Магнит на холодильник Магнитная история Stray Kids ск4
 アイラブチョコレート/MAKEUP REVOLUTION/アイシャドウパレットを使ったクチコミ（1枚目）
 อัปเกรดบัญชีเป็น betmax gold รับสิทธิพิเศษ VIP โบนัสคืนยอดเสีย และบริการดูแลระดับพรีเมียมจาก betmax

# YOUR OBJECTIVE:
Transcribe the data word for word.

# ANSWER SECTION:
Магнит на холодильник Магнитная история Stray Kids ск4
 アイラブチョコレート/MAKEUP REVOLUTION/アイシャドウパレットを使ったクチコミ（1枚目）
 อัปเกรดบัญชีเป็น betmax gold รับสิทธิพิเศษ VIP โบนัสคืนยอดเสีย และบริการดูแลระดับพรีเมียมจาก betmax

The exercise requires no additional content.